All of the EECS Student Desktops have the latest CDH 6.3.0 packages available along with custom configuration that allows students to send their jobs to the Hadoop Cluster with minimal configuration. The old studoop configuration has been replaced with the correspondent for andromeda on all Student Desktops and it can be found under /etc/hadoop/conf.andromeda

The jobs and data are submitted using the HDFS (Hadoop Distributed File System) on the Cluster, so the students’ disk quota on their EECS Home directory is not affected.

We are using the open-source version of CDH Cloudera Manager Express 6.3.0 to manage the Cluster’s Health, Services, Package deployment and to monitor the health of the running jobs. The following diagram explains the connectivity between the Student Desktops and the the Hadoop Cluster in EECS.

 

 

Hadoop Architecture

A Hadoop cluster is a special type of computational cluster designed specifically for storing and analyzing huge amounts of unstructured data in a distributed computing environment.  The master node consists of a Job Tracker, Task Tracker, NameNode, and DataNode. A slave or worker node acts as both a DataNode and TaskTracker, though it is possible to have data-only and compute-only worker nodes.

HDFS nodes are managed through Andromeda, the dedicated NameNode server to host the file system index (and also a secondary NameNode) that can generate snapshots of the namenode’s memory structures, thereby preventing file-system corruption and loss of data. Similarly, a standalone JobTracker server can manage job scheduling across nodes.

Yarn

Apache Yarn is a part of Hadoop that can also be used outside of Hadoop as a standalone resource manager. NodeManager takes instructions from the Yarn scheduler to decide which node should run which task. Yarn consists of two pieces: ResourceManager and NodeManager. The NodeManager reports to the ResourceManager CPU, memory, disk, and network usage so that the ResourceManager can decide where to direct new tasks. The ResourceManager does this with the Scheduler and ApplicationsManager.

Apache Spark

Apache Spark is an open-source distributed cluster-computing framework. Spark is a data processing engine developed to provide faster and easy-to-use analytics than Hadoop MapReduce. Before Apache Software Foundation took possession of Spark, it was under the control of University of California, Berkeley’s AMP Lab.

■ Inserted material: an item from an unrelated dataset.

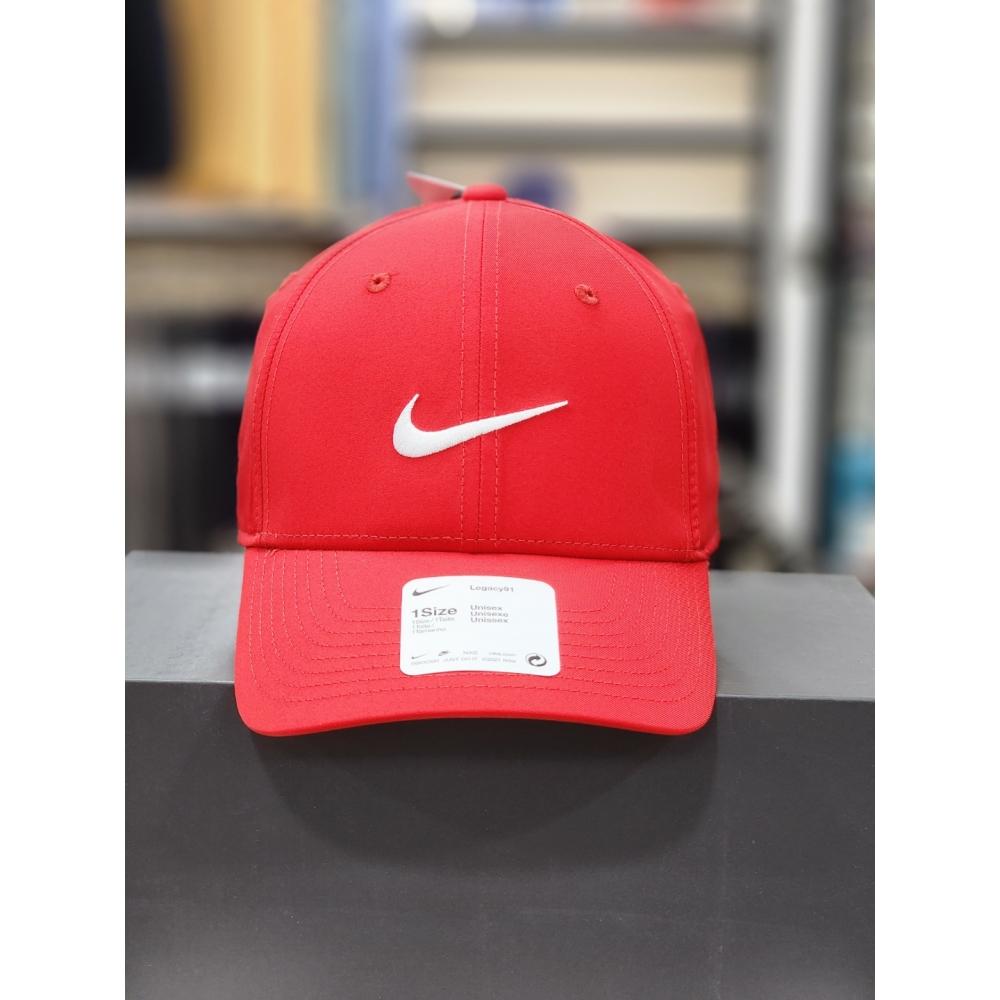 Nike Унисекс Кепка для гольфа Nike Dri Fit Legacy 91 Университетская красная DH1640 657
Nike Унисекс Кепка для гольфа Nike Dri Fit Legacy 91 Университетская красная DH1640 657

Hadoop distributed file system (HDFS)

The Hadoop distributed file system (HDFS) is a distributed, scalable, and portable file system written in Java for the Hadoop framework.

A Hadoop is divided into HDFS and MapReduce. HDFS is used for storing the data and MapReduce is used for the Processing the Data. HDFS has five services as follows:

  1. Name Node
  2. Secondary Name Node
  3. Job tracker
  4. Data Node
  5. Task Tracker

Top three are Master Services/Daemons/Nodes and bottom two are Slave Services. Master Services can communicate with each other and in the same way Slave services can communicate with each other. Name Node is a master node and Data node is its corresponding Slave node and can talk with each other.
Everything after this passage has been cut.